Halloween is just around the corner and we would like to share with you a few tips on how to enhance your outdoor space for this popular holiday. But instead of using regular decorations such as ghosts, witches, skeletons or gravestones we will focus on your actual garden.
Halloween started as a tradition centuries ago by Celts using only natural materials and we will maintain the same colour scheme. Without any further delay, let’s get straight to the point.
Replace your old summer bedding plants using blue colour.
With the winter fast approaching, blue colour resembles snow, especially when
outshined by a winter moonlight. Plant your new plants in borders or pots where you will place a pumpkin (assuming you will).
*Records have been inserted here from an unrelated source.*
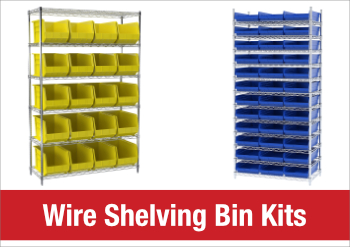 Wire Shelving Bin Kits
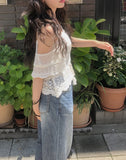 Amyu Summer Denim Wide Pants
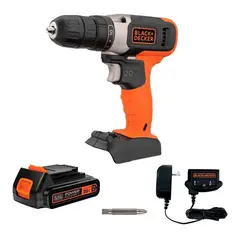 BLACK+DECKER - Taladro Atornillador Black & Decker BCD702C1 20v Litio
For a better effect, use matching blue pots where applicable.

Reuse your garden waste.
Collect fallen branches from the trees or shrubs of different lengths and tie them into a bundle. You can combine them with spent flowers of grasses if you can get hold of them.
How you make this arrangement is entirely up to you. Now you are ready to place it in the pots or borders with new bedding as a centrepiece.
Smaller harvested twigs decorated with pinecones can be used as ‘underpinning’ for the pumpkin. You can even use a little bit of moss.
Use yellow light in the pumpkin.
Yellow colour resembles the fire. The brightness and warmth of light in smaller mass will beautifully contrast with larger mass of acrylic-looking blue flowers and its rays will highlight the silhouettes of bare branches and fluffiness of flowers collected from grasses.

One final tip.
If you have spotlights in your garden, change their colour to green by using lenses or light filters. These should be available at your local garden centre or a DIY retail shop. (Note: if in doubt, please consult a professional). Include the lights in your new Halloween display as a background. Now you are ready to welcome trick-and-treaters.
How to use the same colour scheme in your borders?
By placing larger evergreen, or deciduous shrubs in the centre or towards the back of your border, you will provide and exceptional background for the flowering display in front of them. Yellow colour will greatly stand out here. But too much of warm yellow colour be eye-tiring. By underplanting or combining with cooler blue or subtle purple, an optimum balance and eye-pleasing colour contrast will be achieved.